DeJongh vetoed legislation requiring the shuttered Enid M. Baa library’s upper floors be used for the territorial archives and saying the first floor must have a reading room and may be leased out for a gift shop or other commercial outlet with proceeds to help finance the archives.
"Though it is intended to improve the conditions of our libraries and archives, the many flaws in the bill necessitate its disapproval," deJongh said in his letter to the Legislature. The law "defines with far too much particularity the purposes for which the Enid M. Baa Library and Archives Building can be utilized in a community where the lack of typical library or museum programs would gather government and nongovernment materials of historical interest.”
“We simply cannot afford to so limit our archival resources at this time," deJongh continued. He also said the bill contains unfunded mandates, puts materials at risk by having the archives on one floor but the reading room on another, and transfers irreplaceable historical documents to "an inadequate facility."
DeJongh also vetoed a measure extending a previous $450,000 appropriation for fencing at Joseph Sibilly Elementary School that had automatically expired, saying the effect would be to make the appropriation a Fiscal Year 2014 General Fund obligation at a time when there is not enough money to pay the anticipated obligations.
He similarly vetoed legislation appropriating $52,000 to pay Scot McChain for legal work he performed on behalf of the St. Croix Board of Elections for financial reasons, but said the Board of Elections’ Fiscal Year 2014 budget allowed it to spend $50,000 on prior year obligations.
DeJongh rejected a resolution calling for the resignation of Bureau of Corrections Director Julius Wilson, saying it was "improper" and "unjustified."
"During the current director’s tenure, not only has he seen the Bureau of Corrections through the 2009 transition from a division of the Virgin Islands Department of Justice to a separate and distinct executive branch agency, he has also settled two major pieces of litigation in 2013," deJongh wrote.
One case was brought by the American Civil Liberties Union concerning the jails on the island of St. Thomas and litigated for nearly 20 years, and the other involved a consent decree entered into in 1986 with the U.S. Department of Justice concerning the Golden Grove Adult Correctional Facility on the island of St. Croix, deJongh said.
While a settlement agreement has been entered into, a court-appointed independent monitor issued a report in December 2013 saying "very little has improved" at Golden Grove over the course of 2013 and it "remains a dangerous and violent environment and is inadequately staffed, equipped, funded, maintained and operated to provide and consistently sustain environmental and operational conditions of inmate care and confinement that meet constitutional requirements."

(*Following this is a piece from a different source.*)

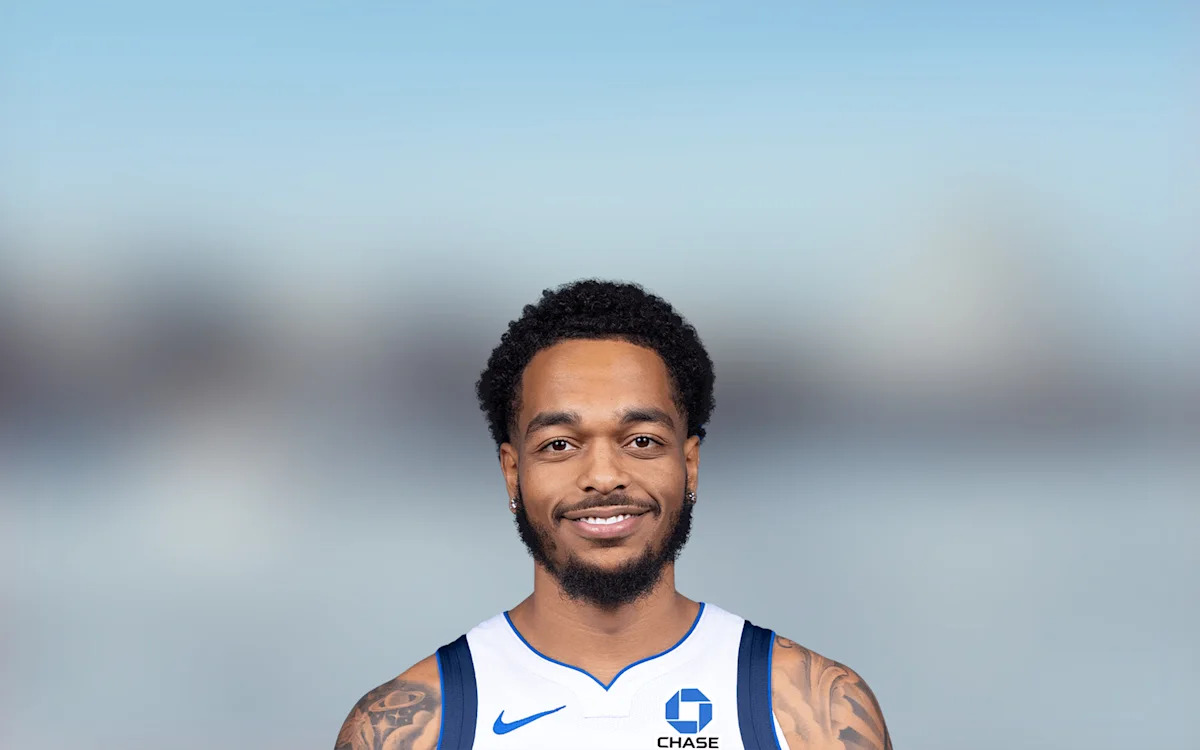 PJ Washington addresses trade rumors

In supporting Wilson, deJongh said the prison system’s problems were not Wilson’s fault, were partly due to funding and were not a uniquely Virgin Islands problem.
"While we can always strive to do better," the problems inherent to running jails "are universal and not confined to the operations of our Bureau of Corrections," deJongh said.
"Oversight over the work of the executive branch is a clearly proper role for the Legislature, but passing petulant votes of no confidence, without ever having sought to work out whatever differences may exist from time to time between a legislator and a cabinet member is disappointing," he added.